MORE GUNS, LESS CRIME
UNDERSTANDING CRIME AND GUN-CONTROL LAWS
By JOHN R. LOTT, JR.
THE UNIVERSITY OF CHICAGO PRESS
Copyright © 2010 The University of Chicago
All right reserved.
American culture is a gun culture—not merely in the sense that in 2009 about 124 million people lived in households that owned a total of about 270 million guns, but in the broader sense that guns pervade our debates on crime and are constantly present in movies and the news. How many times have we read about shootings, or how many times have we heard about tragic accidental gun deaths—bad guys shooting innocent victims, bad guys shooting each other in drug wars, shots fired in self-defense, police shootings of criminals, let alone shooting in wars? We are inundated by images through the television and the press. Our kids are fascinated by computer war games and toy guns.
So we're obsessed with guns. But the big question is: What do we really know? How many times have most of us actually used a gun or seen a gun being used? How many of us have ever seen somebody in real life threatening somebody else with a gun, witnessed a shooting, or seen people defend themselves by displaying or firing guns?

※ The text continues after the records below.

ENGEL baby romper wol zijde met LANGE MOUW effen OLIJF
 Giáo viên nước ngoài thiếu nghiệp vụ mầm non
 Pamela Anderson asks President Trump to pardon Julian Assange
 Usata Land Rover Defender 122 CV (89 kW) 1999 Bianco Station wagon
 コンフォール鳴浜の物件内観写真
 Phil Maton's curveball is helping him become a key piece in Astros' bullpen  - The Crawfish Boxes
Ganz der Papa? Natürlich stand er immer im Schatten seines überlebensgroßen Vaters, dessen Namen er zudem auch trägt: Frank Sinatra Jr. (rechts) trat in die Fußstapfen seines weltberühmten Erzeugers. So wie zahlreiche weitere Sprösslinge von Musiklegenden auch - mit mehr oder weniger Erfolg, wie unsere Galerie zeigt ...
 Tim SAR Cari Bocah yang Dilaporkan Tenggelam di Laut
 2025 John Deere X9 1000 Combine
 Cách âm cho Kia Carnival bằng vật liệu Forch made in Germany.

The truth is that most of us have very little firsthand experience with using guns as weapons. Even the vast majority of police officers have never exchanged shots with a suspect. Most of us receive our images of guns and their use through television, film, and newspapers.
Unfortunately, the images from the screen and the newspapers are often unrepresentative or biased because of the sensationalism and exaggeration typically employed to sell news and entertainment. A couple of instances of news reporting are especially instructive in illustrating this bias. In a highly publicized incident, a Dallas man became the first Texas resident charged with using a permitted concealed weapon in a fatal shooting. Only long after the initial wave of publicity did the press report that the person had been savagely beaten and in fear for his life before firing the gun. In another case a Japanese student was shot on his way to a Halloween party in Louisiana in 1992. It made international headlines and showed how defensive gun use can go tragically wrong. However, this incident was a rare event: in the entire United States during a year, only about 30 people are accidentally killed by private citizens who mistakenly believe the victim to be an intruder. By comparison, police accidentally kill as many as 330 innocent individuals annually. In neither the Louisiana case nor the Texas case did the courts find the shooting to be criminal.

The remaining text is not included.